En 2016, les paris sportifs ont représenté plus du double des paris hippiques. La difficulté de ce vertical est qu'il manque de dynamisme : le nombre de comptes joueurs stagne et la population a du mal à se renouveler. Les paris hippiques sont moins attractifs pour la plupart des parieurs que les paris sportifs.

Concernant le poker, le constat est presque identique à 2015 avec une baisse d'activité sur les parties de cash-game et une légère augmentation des tournois. L'Arjel soulève une fois de plus le problème de l'assiette fiscale. Il y a un problème dans la façon dont sont taxés les opérateurs, qui sont prélevés sur les mises et non les gains des joueurs. Cela signifie qu'ils peuvent être taxés alors même qu'ils réalisent une perte (exemple avec un joueur qui mise, gagne et retire).

Il a également été remarqué que le mois de décembre a vu une augmentation du cash-game, ce qui est extrêmement rare. Cela est sans doute dû à l'ajout de nouvelles variantes de poker (Stud, Razz, etc...) qui viennent s'ajouter au No Limit Hold'Em et Pot Limit Omaha. Cela montre que les joueurs sont en attente de nouveautés et de nouvelles variantes et qu'il est important de faire attention à ce genre de détail pour garder le marché hors de l'eau.
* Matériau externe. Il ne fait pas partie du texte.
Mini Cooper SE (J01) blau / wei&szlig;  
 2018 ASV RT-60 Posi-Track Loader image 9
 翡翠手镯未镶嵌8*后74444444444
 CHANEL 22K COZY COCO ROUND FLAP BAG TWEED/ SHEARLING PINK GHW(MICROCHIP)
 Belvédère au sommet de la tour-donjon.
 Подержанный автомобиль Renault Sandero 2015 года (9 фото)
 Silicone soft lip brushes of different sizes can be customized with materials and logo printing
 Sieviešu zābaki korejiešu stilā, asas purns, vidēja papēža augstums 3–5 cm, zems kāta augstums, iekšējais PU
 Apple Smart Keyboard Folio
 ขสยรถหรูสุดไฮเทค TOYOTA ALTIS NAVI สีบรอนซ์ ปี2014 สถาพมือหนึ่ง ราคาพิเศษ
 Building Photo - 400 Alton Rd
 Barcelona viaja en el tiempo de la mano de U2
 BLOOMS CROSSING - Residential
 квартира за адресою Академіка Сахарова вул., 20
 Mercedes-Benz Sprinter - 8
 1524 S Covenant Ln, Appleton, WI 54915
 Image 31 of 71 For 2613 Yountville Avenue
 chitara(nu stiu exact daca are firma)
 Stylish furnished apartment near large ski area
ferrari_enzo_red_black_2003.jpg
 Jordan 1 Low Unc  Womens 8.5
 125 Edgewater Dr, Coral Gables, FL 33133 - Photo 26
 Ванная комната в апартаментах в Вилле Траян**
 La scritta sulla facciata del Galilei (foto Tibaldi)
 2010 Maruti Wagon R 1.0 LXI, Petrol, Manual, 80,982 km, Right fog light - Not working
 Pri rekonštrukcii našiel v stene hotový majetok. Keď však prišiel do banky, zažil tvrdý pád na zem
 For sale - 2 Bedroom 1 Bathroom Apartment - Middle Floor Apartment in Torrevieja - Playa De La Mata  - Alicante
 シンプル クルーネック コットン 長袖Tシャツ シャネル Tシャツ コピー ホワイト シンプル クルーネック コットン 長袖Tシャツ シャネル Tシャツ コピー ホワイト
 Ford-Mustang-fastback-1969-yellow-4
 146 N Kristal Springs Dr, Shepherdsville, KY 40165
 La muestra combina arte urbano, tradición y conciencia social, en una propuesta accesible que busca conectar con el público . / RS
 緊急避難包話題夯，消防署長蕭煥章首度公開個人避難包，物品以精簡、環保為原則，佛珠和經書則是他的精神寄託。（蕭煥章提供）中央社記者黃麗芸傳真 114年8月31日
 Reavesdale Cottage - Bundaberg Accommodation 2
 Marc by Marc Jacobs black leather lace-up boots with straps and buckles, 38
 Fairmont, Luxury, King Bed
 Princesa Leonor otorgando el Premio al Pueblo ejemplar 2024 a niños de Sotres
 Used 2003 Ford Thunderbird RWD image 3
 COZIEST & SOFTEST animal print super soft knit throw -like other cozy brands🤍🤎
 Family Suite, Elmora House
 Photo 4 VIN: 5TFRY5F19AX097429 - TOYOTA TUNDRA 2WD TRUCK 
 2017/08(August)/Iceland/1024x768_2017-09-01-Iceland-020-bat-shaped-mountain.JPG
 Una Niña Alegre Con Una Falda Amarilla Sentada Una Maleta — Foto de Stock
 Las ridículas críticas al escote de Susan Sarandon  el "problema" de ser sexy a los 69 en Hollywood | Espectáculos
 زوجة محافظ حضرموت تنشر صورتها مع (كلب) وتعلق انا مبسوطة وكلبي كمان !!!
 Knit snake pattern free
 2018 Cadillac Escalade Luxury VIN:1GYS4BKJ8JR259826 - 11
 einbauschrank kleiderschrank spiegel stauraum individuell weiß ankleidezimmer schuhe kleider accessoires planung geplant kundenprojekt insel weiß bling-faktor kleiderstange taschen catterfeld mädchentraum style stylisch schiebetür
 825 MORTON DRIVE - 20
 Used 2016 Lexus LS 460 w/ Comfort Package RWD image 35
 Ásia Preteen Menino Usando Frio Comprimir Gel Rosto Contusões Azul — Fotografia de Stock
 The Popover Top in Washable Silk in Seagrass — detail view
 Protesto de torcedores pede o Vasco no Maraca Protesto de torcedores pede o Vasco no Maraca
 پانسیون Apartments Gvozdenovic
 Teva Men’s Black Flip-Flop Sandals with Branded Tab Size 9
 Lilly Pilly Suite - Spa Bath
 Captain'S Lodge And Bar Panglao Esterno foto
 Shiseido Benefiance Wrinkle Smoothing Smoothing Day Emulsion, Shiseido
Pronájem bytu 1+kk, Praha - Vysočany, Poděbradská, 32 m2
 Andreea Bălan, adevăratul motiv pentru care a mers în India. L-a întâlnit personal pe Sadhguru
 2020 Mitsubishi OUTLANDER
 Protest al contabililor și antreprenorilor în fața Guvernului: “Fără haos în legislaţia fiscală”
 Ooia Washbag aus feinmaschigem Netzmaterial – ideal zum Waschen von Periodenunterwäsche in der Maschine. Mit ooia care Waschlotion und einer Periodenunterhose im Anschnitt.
« Pour protéger les joueurs, le marché agréé est le meilleur endroit possible : c’est la raison pour laquelle il importe de le faire vivre et de trouver le bon équilibre entre un marché à la fois solide et attractif et une offre qui garantisse les conditions d’un jeu récréatif et responsable. Cet équilibre semble, avec le soutien indispensable du monde de la recherche, envisageable et possible. » a déclaré Charles Coppolani, Président de l'Arjel.